If you’re here, you’re probably experiencing a common issue: trying to access a certain port on an EC2 Instance located in a private subnet of the Virtual Private Cloud (VPC). A couple of months ago, we got a call from one of our customers that was experiencing the same issue. They wanted to open up their API servers on the VPC to one of their customers, but they didn’t know how. In particular, they were looking for a solution that wouldn’t compromise the security of their environment. We realized this issue is not unique to our customer, so we thought a blog post explaining how we solved it would be helpful!
To provide some context, once you have an API server within your VPC, it is closed to the outside world. No one can access or reach that server because of the strong firewall around it. There are a few ways around this, including Virtual Private Network (VPN) connections to your VPC, which allows you to open up private access. Unfortunately, this is not a viable solution if you need to open up your API server to the world, which was the case with our customer. The goal was to provide direct access from the internet outside the VPC for any user without VPN connection.
In order to solve this issue for our customer, one of the architecture changes we recommended was adding an internet-facing AWS TCP Network Load Balancer on the public subnet of the VPC. In addition to this load balancer, we also needed to create an instance-based target group.
Keep reading to learn how you can do this – we even included an architecture diagram to make things easier! Please note that our example includes fake IP addresses.

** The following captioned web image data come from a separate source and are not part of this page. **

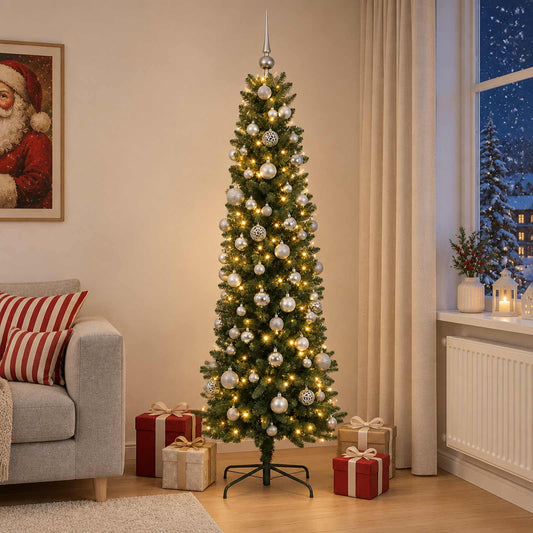vidaXL Artificial Slim Christmas Tree with Bauble 210 cm 300 LEDs 1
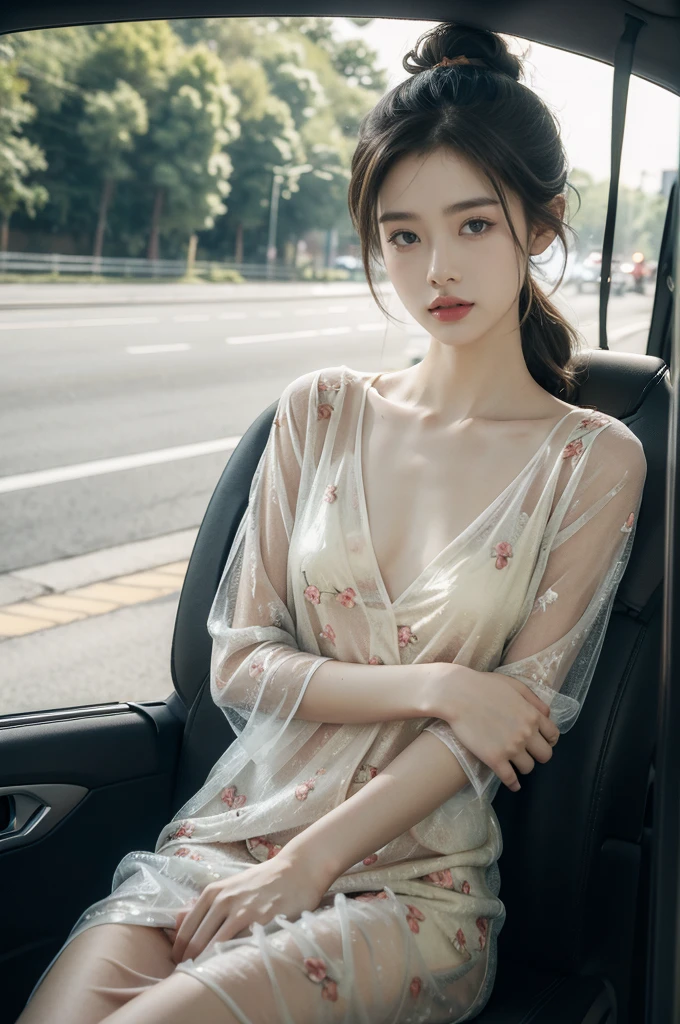 (((best quality))),(((ultra detailed))),(((masterpiece))),illustration,((1 beautiful girl,female driver,solo)),((sitting on the seat)),((in the car)),((slim,thin)),((small breasts,flat chest)),parked,roadside,vibrant,(floral sheer pajama dress:1.3),graceful,(short ponytail:1.2),delicate,features,eyes,focused,ahead,calm,concentration,classic,convertible,evening,breeze,caress,adjusted,petite,frame,confident,steering,wheel,delicate,hands,maneuver,control,world,setting,sun,warm,glow,illuminate,sky,canvas,match,road,stretch,explore,possibilities,background,town,life,evening,shops,opening,doors,people,strolling,cool,air,atmosphere,peaceful,serene,contrast,chaos,city,independence,societal,norms,constraints,destiny,embrace,challenges,symbol,strength,resilience,spirit,summer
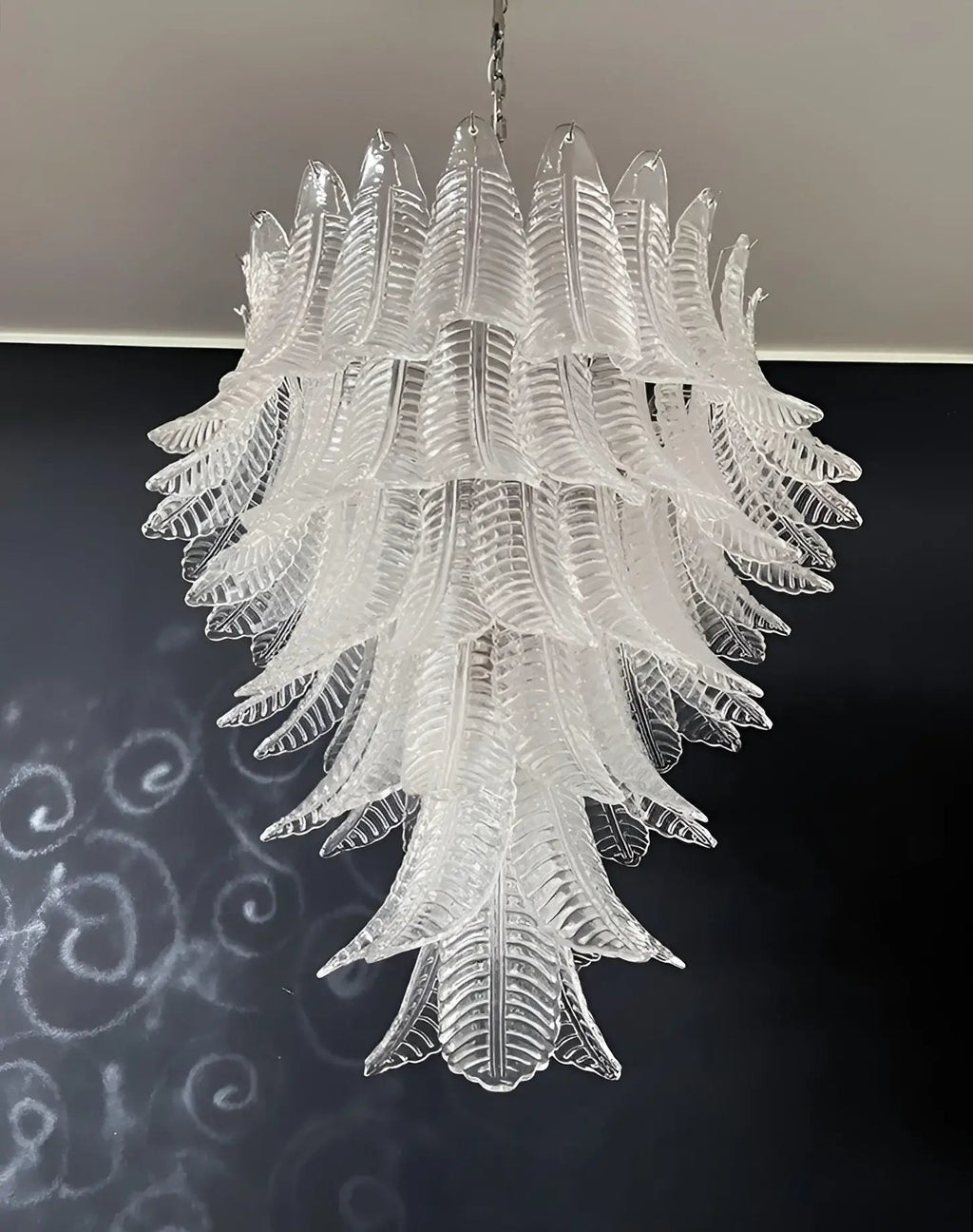Aurora Chandelier Clear Glass Leaf Cascading Elegant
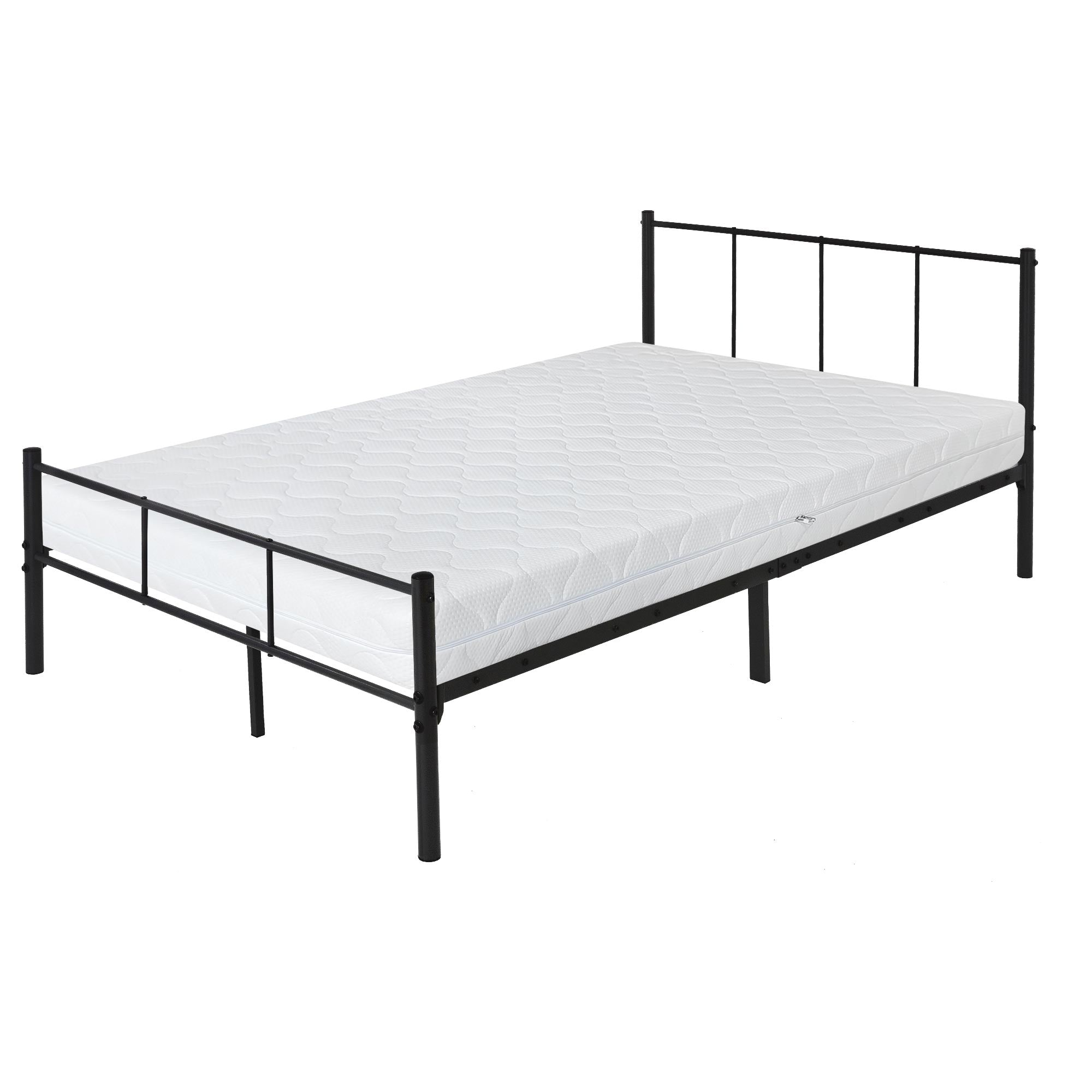Struttura del letto nera con materasso, senza biancheria da letto.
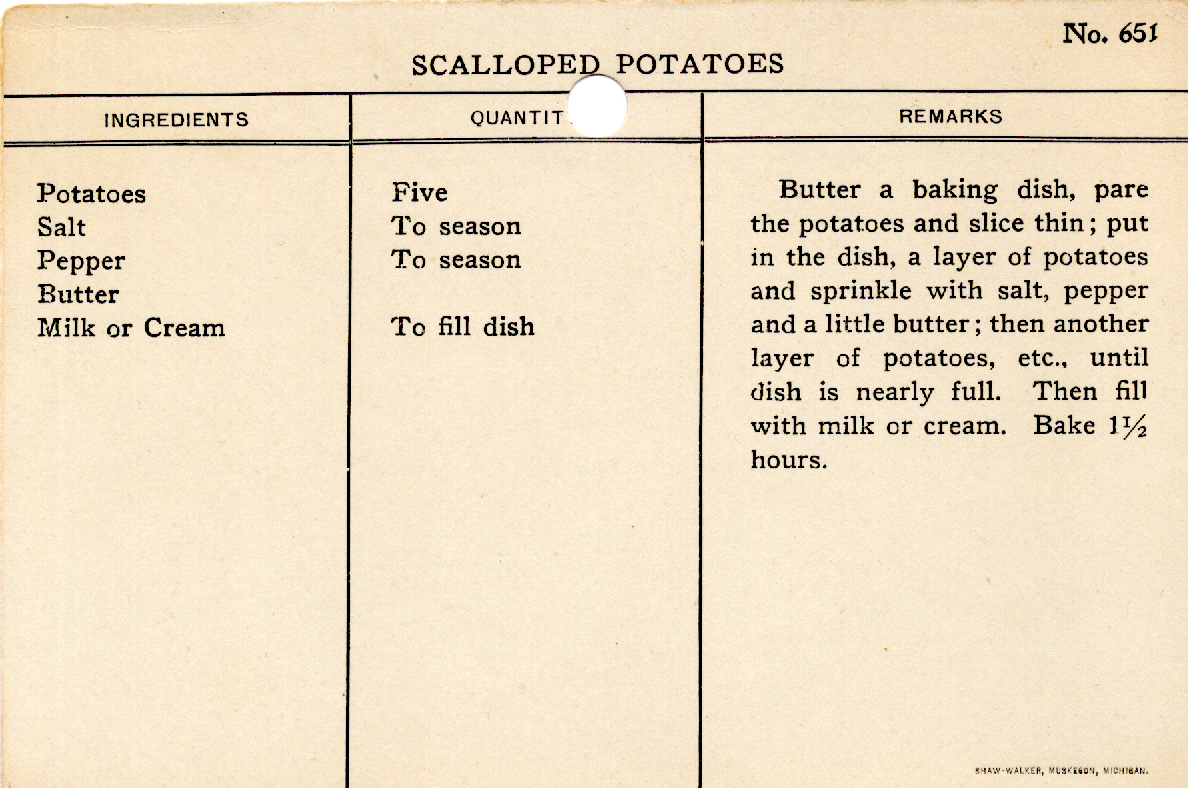 Original recipe card for Scalloped Potatoes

Problem: Accessing an API endpoint in an EC2 Instance in a Private Subnet from the Internet.
Suggested AWS Architecture Diagram:
Features of our diagram:
- Multi AZ: we used a private and public subnet in the same VPC in two different availability zones.
- Multi EC2 (API Servers): we deployed an API server in each private subnet in each availability zone.
- Multi NAT Gateways: a NAT gateway will allow the EC2 instances in the private subnets to connect to the internet and achieve high availability. We deployed one NAT gateway in the public subnets in each availability zone.
- TCP Load balancer health checks: a TCP load balancer will always redirect any user’s requests to the healthy API servers. In case one AZ goes down, there will be another AZ that can handle any user’s requests.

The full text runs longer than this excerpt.